### Provided information:
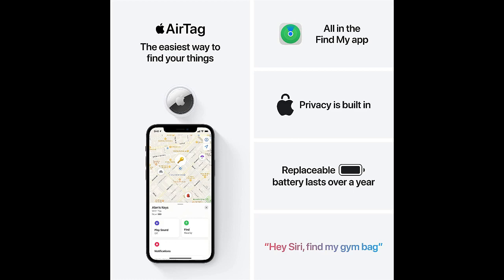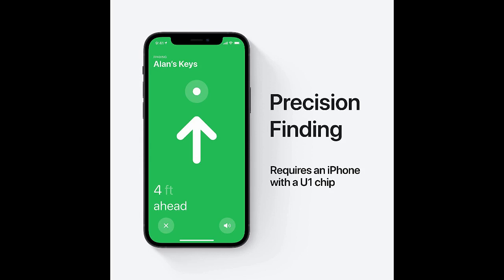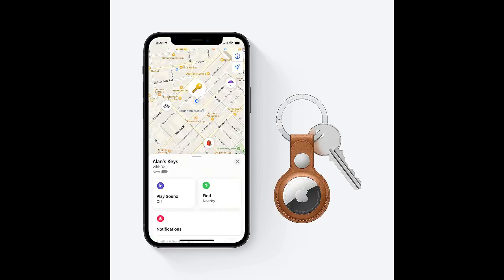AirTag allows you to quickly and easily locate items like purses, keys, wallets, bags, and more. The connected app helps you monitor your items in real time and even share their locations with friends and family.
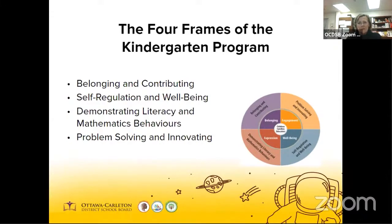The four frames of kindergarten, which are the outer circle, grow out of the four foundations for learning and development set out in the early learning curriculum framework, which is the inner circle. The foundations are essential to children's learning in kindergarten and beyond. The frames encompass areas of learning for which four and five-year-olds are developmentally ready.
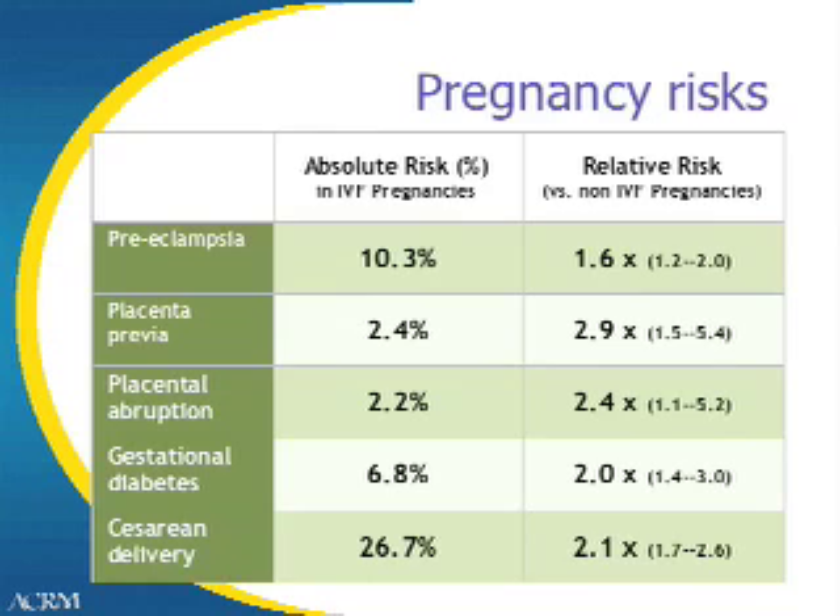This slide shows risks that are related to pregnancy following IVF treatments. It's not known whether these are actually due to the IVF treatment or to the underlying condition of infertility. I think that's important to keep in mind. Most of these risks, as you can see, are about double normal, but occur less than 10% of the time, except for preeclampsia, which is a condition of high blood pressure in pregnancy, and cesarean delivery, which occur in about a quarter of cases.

--

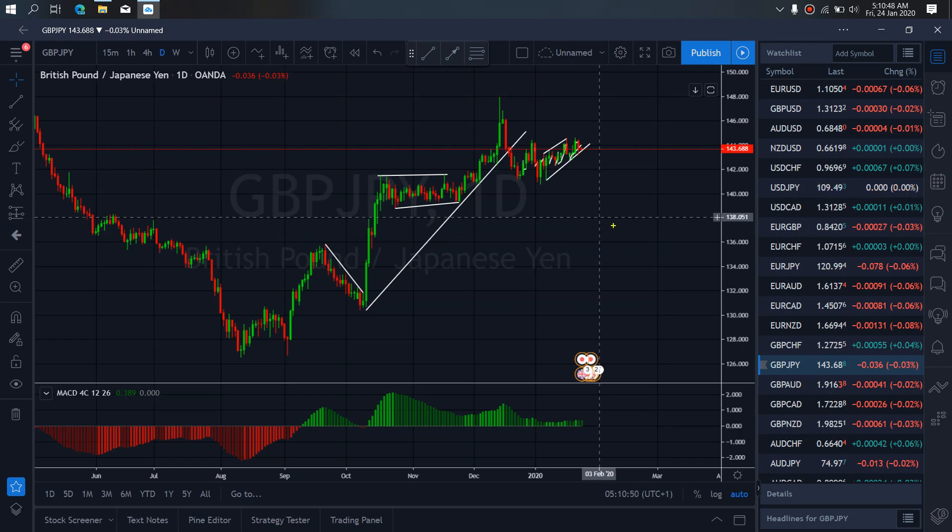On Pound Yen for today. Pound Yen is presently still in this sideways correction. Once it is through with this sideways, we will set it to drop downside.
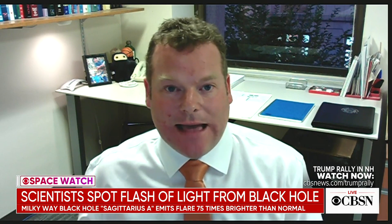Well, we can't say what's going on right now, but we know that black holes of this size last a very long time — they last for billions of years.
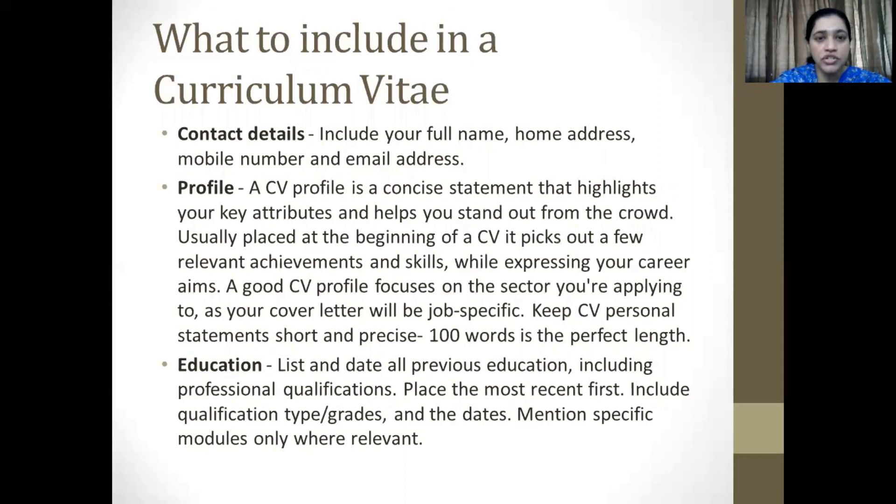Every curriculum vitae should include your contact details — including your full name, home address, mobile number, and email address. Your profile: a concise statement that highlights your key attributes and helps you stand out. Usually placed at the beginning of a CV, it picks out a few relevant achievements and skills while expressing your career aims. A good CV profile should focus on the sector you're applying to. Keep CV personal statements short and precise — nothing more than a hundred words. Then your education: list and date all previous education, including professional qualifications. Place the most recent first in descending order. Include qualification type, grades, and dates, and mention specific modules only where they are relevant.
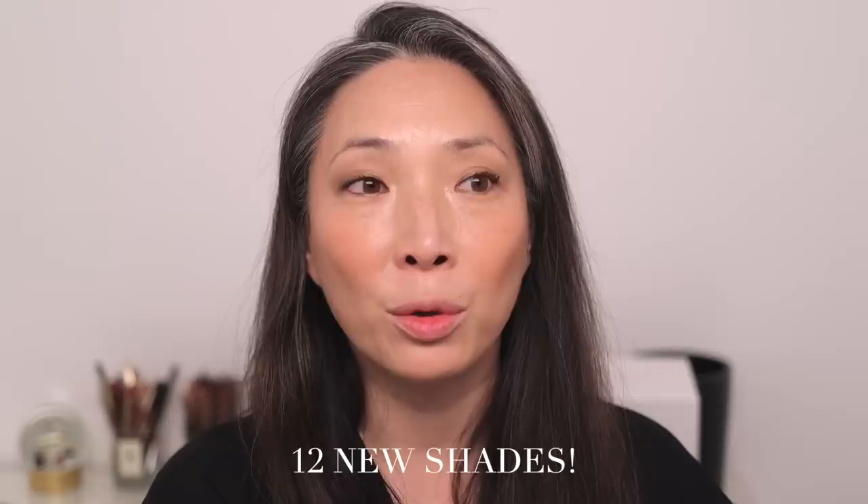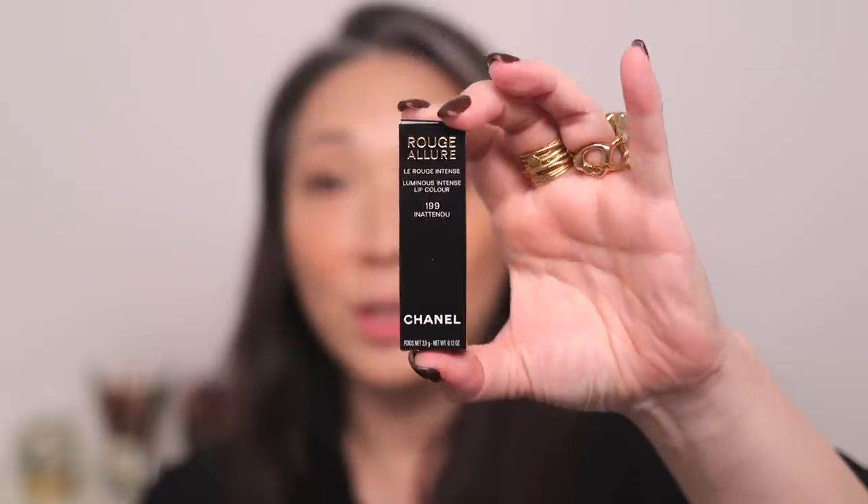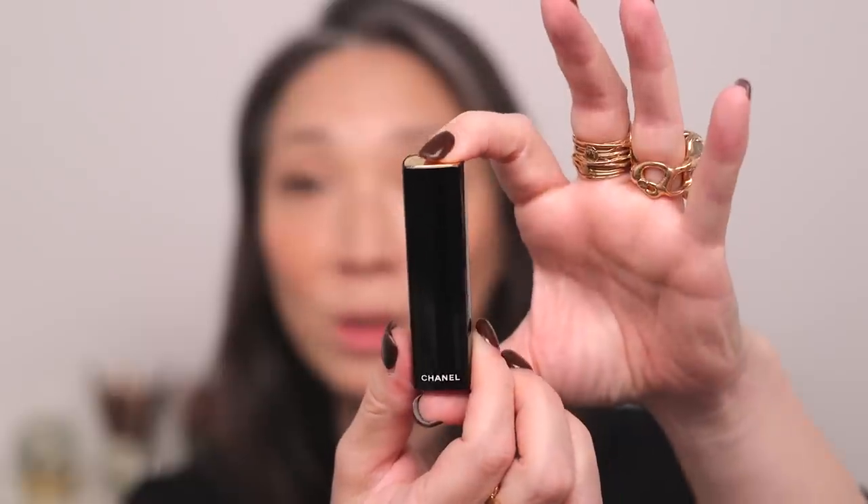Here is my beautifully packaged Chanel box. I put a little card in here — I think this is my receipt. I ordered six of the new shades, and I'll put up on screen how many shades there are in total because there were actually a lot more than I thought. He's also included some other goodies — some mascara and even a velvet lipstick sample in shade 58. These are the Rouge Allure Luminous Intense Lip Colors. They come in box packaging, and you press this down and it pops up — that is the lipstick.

### Requirement:
Range to copy from the records above: the line containing "Well, we can't" to the line containing "Every curriculum vitae", both included. Output those lines exactly and only those, skipping pictures.

### Finished task:
Well, we can't say what's going on right now, but we know that black holes of this size last a very long time — they last for billions of years.
Every curriculum vitae should include your contact details — including your full name, home address, mobile number, and email address. Your profile: a concise statement that highlights your key attributes and helps you stand out. Usually placed at the beginning of a CV, it picks out a few relevant achievements and skills while expressing your career aims. A good CV profile should focus on the sector you're applying to. Keep CV personal statements short and precise — nothing more than a hundred words. Then your education: list and date all previous education, including professional qualifications. Place the most recent first in descending order. Include qualification type, grades, and dates, and mention specific modules only where they are relevant.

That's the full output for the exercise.